Rule 3: The 2 set rule - So why only two sets and not five or seven like Arnie and the other guys?
Well because Arnold Schwarzenegger was a bodybuilding champion way before the some guys at MIT decided to do some tests in the laboratory about what makes a muscle grow. It has been found in the lab, amongst other things, that any sets beyond the first two sets do very little other than burn calories. Useful if you're trying to lose weight but counter productive if your trying to build. Reducing the number or working sets (excluding warm ups) for each exercise to just two per session will ensure that you don't over train while taking care of hypertrophy effectively.
Rule 4: Progressive Load - Brick by brick, or plate by plate in this case.
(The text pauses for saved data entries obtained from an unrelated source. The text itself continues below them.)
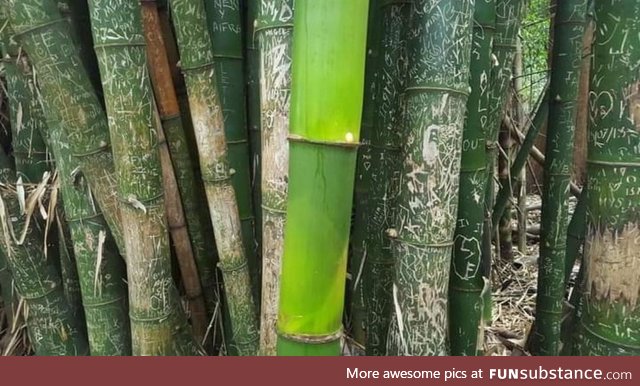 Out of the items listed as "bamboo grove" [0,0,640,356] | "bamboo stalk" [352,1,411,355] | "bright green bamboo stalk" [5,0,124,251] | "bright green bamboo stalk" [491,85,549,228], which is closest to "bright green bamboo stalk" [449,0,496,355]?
"bamboo grove" [0,0,640,356]

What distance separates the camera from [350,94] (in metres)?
0.71

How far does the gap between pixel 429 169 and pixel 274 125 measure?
25 centimetres

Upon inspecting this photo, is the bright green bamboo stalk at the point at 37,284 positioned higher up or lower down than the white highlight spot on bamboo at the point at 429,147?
lower down

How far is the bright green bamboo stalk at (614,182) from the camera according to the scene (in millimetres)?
871

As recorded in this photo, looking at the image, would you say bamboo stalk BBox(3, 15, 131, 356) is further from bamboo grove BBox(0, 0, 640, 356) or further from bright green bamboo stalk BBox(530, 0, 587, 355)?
bright green bamboo stalk BBox(530, 0, 587, 355)

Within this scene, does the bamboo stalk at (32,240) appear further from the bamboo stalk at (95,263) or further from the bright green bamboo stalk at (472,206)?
the bright green bamboo stalk at (472,206)

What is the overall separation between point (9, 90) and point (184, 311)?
63 centimetres

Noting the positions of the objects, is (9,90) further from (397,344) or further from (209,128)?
(397,344)

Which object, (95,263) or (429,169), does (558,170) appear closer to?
(429,169)

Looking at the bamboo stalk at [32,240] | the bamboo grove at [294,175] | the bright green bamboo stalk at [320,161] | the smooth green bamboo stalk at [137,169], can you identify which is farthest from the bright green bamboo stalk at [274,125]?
the bamboo stalk at [32,240]

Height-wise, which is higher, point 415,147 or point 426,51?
point 426,51

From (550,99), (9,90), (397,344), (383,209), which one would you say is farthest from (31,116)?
(550,99)

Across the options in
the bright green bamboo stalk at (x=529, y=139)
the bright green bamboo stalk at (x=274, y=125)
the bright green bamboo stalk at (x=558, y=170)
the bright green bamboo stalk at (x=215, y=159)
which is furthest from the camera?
the bright green bamboo stalk at (x=529, y=139)

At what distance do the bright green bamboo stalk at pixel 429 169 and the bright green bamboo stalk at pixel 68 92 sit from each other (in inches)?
21.0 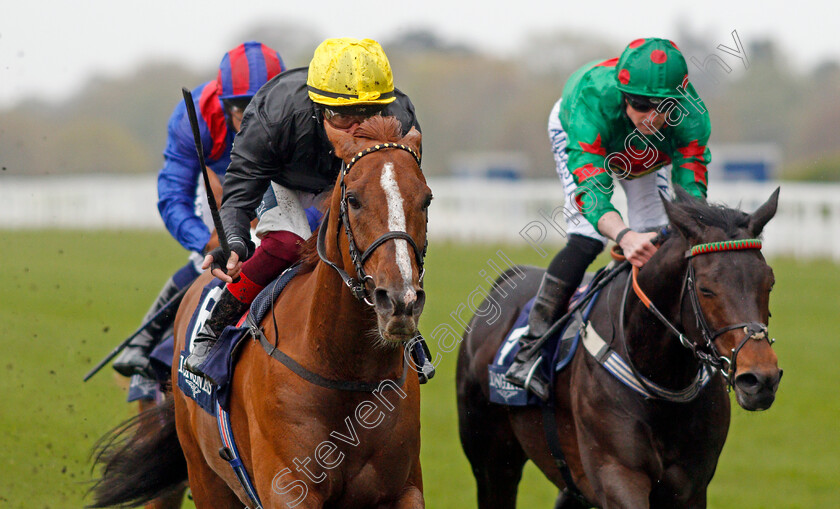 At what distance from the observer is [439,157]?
4938cm

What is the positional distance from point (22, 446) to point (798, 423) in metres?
5.78

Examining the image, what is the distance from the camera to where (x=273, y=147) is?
3639 mm

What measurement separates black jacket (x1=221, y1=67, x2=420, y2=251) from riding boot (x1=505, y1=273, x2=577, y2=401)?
1417mm

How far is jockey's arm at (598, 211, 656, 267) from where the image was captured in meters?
4.11

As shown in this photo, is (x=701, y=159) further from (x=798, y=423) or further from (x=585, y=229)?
(x=798, y=423)

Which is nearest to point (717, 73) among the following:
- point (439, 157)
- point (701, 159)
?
point (701, 159)

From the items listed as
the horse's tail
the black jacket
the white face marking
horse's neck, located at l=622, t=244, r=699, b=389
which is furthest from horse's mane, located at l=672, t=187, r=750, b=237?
the horse's tail

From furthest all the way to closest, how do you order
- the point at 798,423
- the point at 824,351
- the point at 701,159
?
the point at 824,351 → the point at 798,423 → the point at 701,159

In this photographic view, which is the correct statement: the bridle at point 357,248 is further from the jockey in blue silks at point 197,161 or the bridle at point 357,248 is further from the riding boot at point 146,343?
the riding boot at point 146,343

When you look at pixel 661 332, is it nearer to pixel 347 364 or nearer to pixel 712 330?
pixel 712 330

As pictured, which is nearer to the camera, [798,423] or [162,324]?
[162,324]

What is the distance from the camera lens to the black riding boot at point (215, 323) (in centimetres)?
391

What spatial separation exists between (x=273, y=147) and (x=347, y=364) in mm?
843

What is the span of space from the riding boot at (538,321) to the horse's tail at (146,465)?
5.13ft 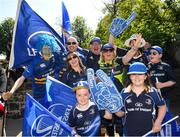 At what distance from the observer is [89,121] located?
5.01 metres

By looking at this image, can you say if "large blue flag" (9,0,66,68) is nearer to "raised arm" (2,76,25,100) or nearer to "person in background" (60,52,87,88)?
"raised arm" (2,76,25,100)

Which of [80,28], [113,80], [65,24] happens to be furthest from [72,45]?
[80,28]

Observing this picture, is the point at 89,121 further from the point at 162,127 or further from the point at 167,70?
the point at 167,70

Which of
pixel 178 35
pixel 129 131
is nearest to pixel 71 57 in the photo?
pixel 129 131

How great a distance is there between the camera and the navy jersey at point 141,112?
4.89 metres

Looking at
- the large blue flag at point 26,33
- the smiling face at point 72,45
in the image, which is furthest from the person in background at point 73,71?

Progressive load is the core of the HST method. To explain in the simplest way possible, your muscle knows how much you are lifting even if you don't. It knows that the weight you are lifting today has increased by one kilogram from yesterday, regardless of whether you consciously recognize it, and by the way one kilogram can be noticeable depending on how much your lifting. Anyways if this thing, this method was a car then progressive load would be the accelerator. This is the part where where growth is really switched on. What it refers to is the slight increments in load during every workout regardless of the number of repetitions and sets. So basically the most important thing in a workout is not how many sets you are doing or how many reps or whether or not you trained to failure or whether you're using compounds or not. As important as all these factors are in their own right, the most important thing is whether or not the weight in your hand is heavier than the day before. Oh and as for progressive load during a workout, that being lifting 20 kilos, resting for five minutes and then lifting 25 and then 30 and so on not what I'm talking about, Throw that idea away. It came very close conceptually to the effect of progressive load but for obvious reasons it's not quite the same thing. In HST you do two sets and lift the same weight for those two sets, this is aside from the warm up sets which we don't count but don't neglect those either.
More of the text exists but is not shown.